A parte l'aspetto puramente tecnico, va poi considerato che la nostra esagerata diversificazione imprenditoriale, racchiude un patrimonio di know-how, manualità, e genialità, che non trova eguali in nessuna altra parte del mondo: è una caratteristica, che unita alla versatilità tipica della microimpresa italiana, non potrebbe, in nessun modo, essere mantenuta in un contesto più grande, e andrebbe inevitabilmente perduta con una svolta aggregativa.

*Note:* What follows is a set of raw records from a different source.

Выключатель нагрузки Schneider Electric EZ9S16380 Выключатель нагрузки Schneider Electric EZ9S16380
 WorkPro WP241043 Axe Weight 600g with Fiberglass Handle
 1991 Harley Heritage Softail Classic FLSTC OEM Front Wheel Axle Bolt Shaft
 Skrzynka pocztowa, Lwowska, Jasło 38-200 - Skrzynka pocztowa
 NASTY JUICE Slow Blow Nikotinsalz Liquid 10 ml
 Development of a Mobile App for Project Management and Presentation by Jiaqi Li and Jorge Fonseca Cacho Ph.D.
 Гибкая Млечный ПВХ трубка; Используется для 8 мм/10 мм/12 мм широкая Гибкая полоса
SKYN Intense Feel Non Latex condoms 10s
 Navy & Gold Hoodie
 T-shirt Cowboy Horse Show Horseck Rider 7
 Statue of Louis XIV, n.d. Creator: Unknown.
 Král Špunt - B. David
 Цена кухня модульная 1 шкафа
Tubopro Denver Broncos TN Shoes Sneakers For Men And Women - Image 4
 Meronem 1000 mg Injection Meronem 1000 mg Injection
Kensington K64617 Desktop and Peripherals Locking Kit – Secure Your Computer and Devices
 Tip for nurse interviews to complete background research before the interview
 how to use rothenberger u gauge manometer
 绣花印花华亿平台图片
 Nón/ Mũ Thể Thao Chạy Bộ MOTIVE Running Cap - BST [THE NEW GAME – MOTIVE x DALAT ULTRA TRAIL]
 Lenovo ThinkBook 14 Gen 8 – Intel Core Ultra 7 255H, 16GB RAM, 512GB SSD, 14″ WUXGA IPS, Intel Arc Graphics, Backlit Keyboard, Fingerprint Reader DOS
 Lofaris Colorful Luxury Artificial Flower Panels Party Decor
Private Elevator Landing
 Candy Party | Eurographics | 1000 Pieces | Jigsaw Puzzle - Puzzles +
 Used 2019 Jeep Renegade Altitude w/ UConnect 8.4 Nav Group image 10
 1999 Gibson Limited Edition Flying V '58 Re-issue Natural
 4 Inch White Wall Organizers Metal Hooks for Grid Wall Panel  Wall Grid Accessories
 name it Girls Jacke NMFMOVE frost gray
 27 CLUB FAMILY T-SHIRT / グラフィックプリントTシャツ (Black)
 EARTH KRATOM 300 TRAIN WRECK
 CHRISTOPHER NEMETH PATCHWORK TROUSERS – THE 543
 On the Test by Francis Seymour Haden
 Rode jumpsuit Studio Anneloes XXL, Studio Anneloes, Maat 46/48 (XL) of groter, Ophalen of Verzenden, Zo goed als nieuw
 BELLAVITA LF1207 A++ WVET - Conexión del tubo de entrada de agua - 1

Insomma, quando si parla di decimare le microimprese si dovrebbero quanto meno fare dei distinguo, perché ci sono tantissime microimprese che si sono ritagliate un ruolo importante, se non addirittura determinante, perfino nell'attuale economia 4.0, e che rappresentano un tassello irrinunciabile per la crescita e lo sviluppo del Paese.

Distruggerle significherebbe cancellare un patrimonio non solo economico, ma anche culturale, immenso e probabilmente snaturerebbe il nostro Paese portandolo a confrontarsi con realtà puramente produttive con le quali non potrà mai competere per le proprie carenze strutturali, istituzionali, e fiscali.

Certo peró dobbiamo ragionare su una nuova posizione di equilibrio del "Sistema Paese", perché continuando cosí l'Italia é destinata a fallire.

Il primo passo però, sarebbe una seria riforma dello Stato, partendo proprio dalle Istituzioni e dalla Magistratura. Senza questa riforma "decimare le microimprese", operazione peraltro scelleratamente in atto, é solo il primo passo verso il baratro, un passo dal quale si dovrebbe, recedere immediatamente, avviando un confronto aperto tra tutte le componenti politiche ed economiche scienzienti, posto che ve ne siano.

Questa ahimé, ad oggi, resta una vera utopia.